• _Material shown_
^^^^^^^^^^^^^^^^
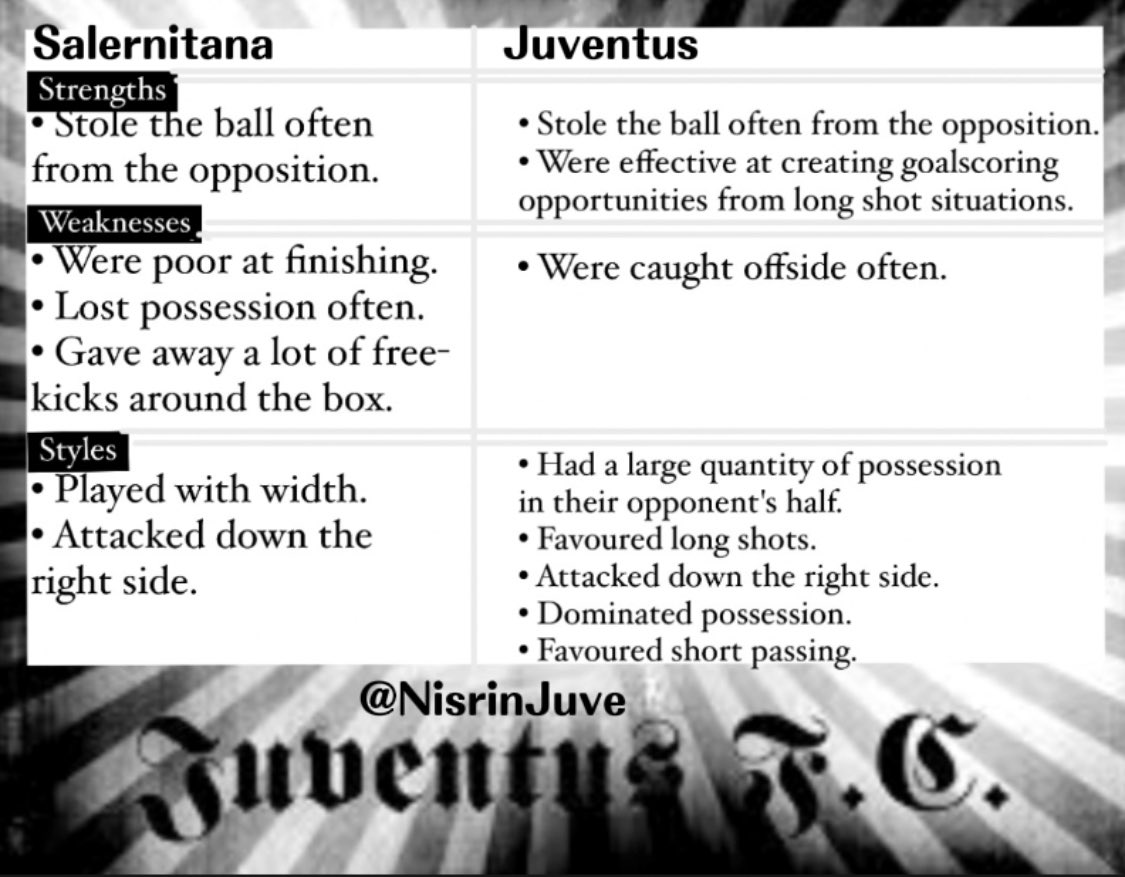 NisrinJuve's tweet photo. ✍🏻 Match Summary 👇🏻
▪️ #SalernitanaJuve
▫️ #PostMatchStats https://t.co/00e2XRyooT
^^^^^^^^^^^^^^^^
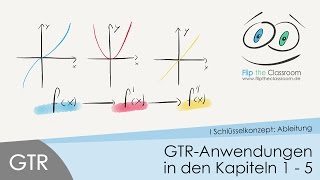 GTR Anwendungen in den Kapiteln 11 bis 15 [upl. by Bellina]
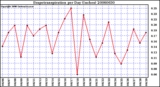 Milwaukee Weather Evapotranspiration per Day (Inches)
^^^^^^^^^^^^^^^^
• _Activity_
The lines above from the line with "GTR Anwendungen in" through the line with "Milwaukee Weather Evapotranspiration" are to be given again word for word, with no pictures among them.

• _Response area_
 GTR Anwendungen in den Kapiteln 11 bis 15 [upl. by Bellina]
 Milwaukee Weather Evapotranspiration per Day (Inches)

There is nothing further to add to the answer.